#### EXERCISE DATA
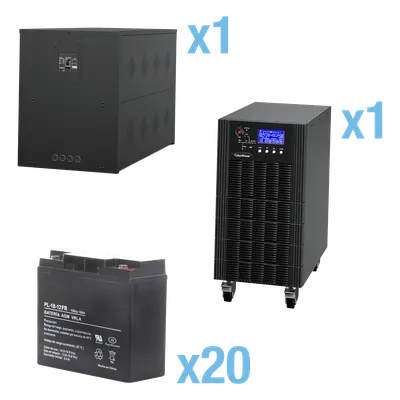 UPS Trifásico de 15 kVA/15 kW, Topología Online Doble Conversión, Voltaje de 208/220 Vca de L-L, Respaldo de 5 Minutos al 100% de Carga, Incluye Módulo y Banco de Baterías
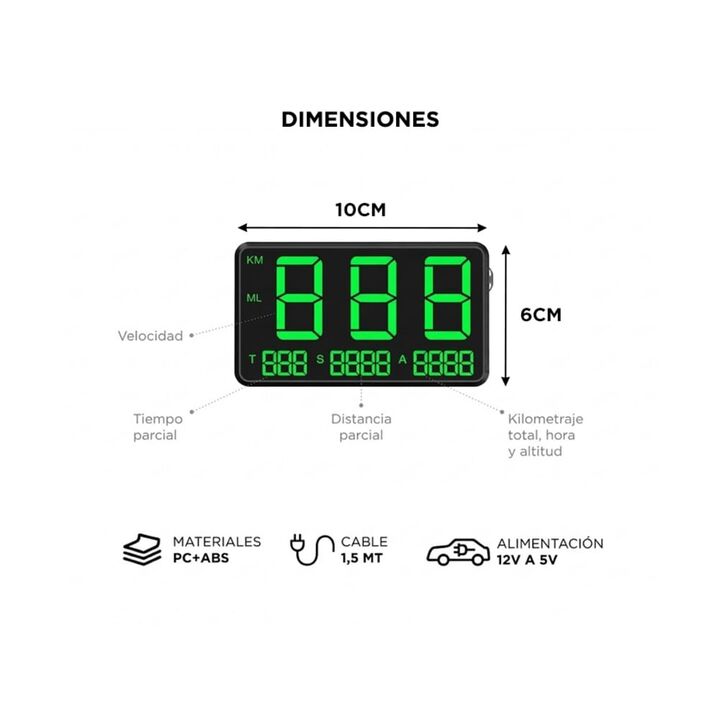 Velocimetro Auto Gadnic Digital Gps Reloj Tablero - Vista 6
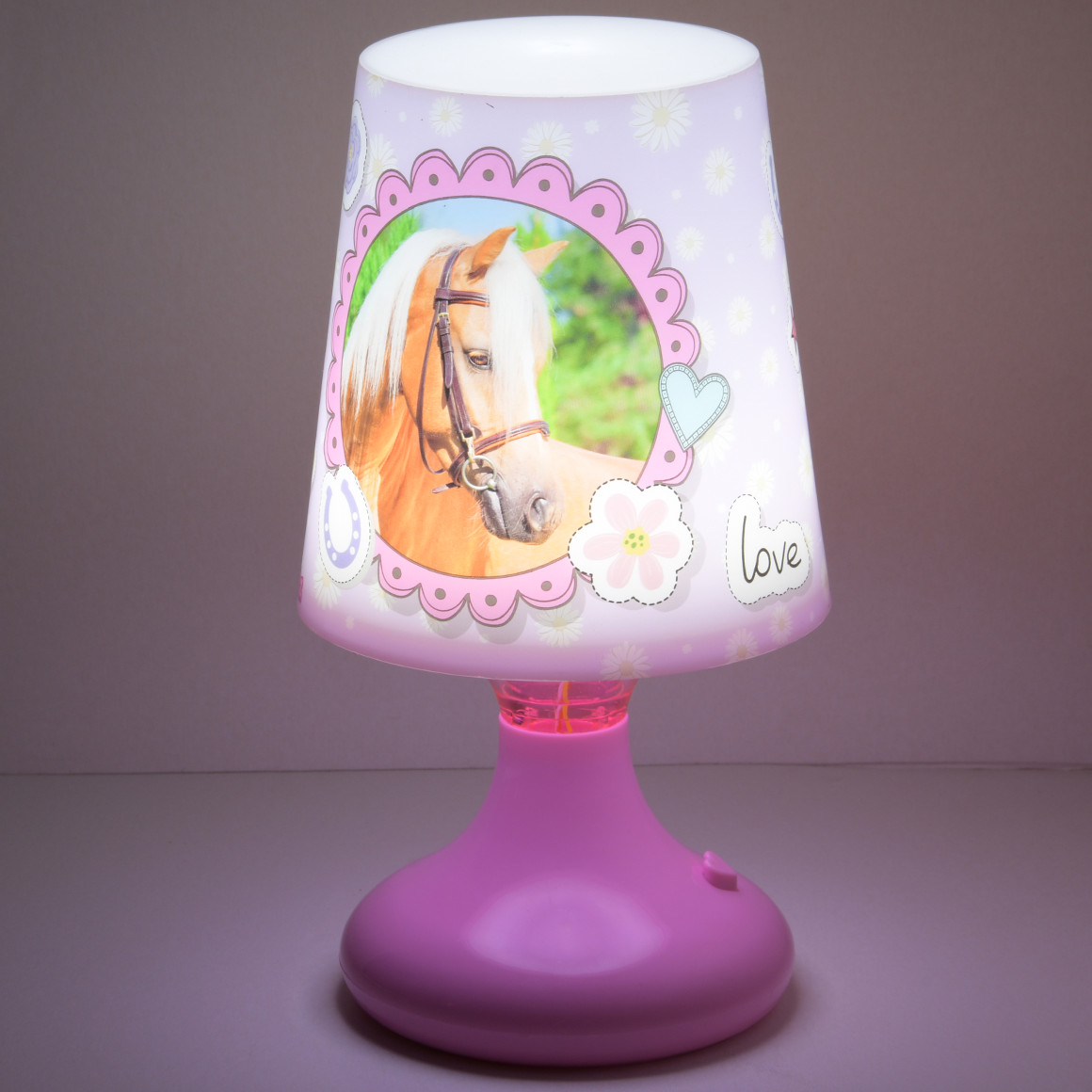 Tischlampe mit Pferde-Motiv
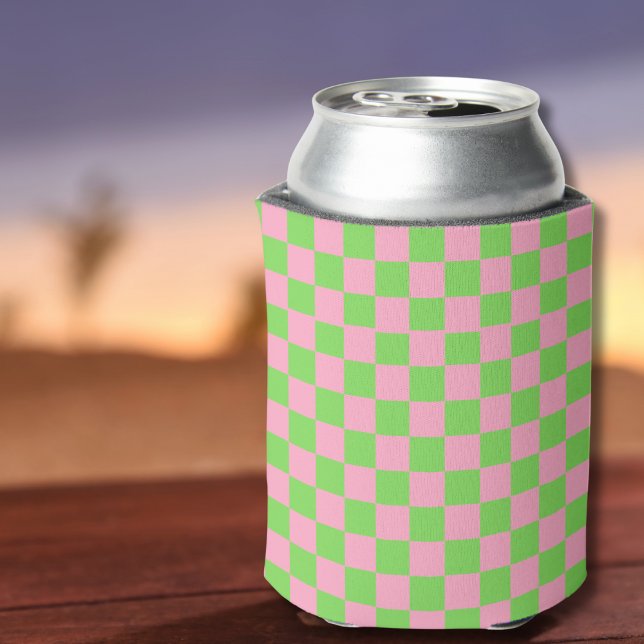 Enfriador De Latas Watermelon Pink Green Checkered Cute Stylish Girly (Subido por el creador)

#### WHAT TO PRODUCE
The full listing must come back exactly as written, with its pictures left out.

#### ANSWER SECTION
 UPS Trifásico de 15 kVA/15 kW, Topología Online Doble Conversión, Voltaje de 208/220 Vca de L-L, Respaldo de 5 Minutos al 100% de Carga, Incluye Módulo y Banco de Baterías
 Velocimetro Auto Gadnic Digital Gps Reloj Tablero - Vista 6
 Tischlampe mit Pferde-Motiv
 Enfriador De Latas Watermelon Pink Green Checkered Cute Stylish Girly (Subido por el creador)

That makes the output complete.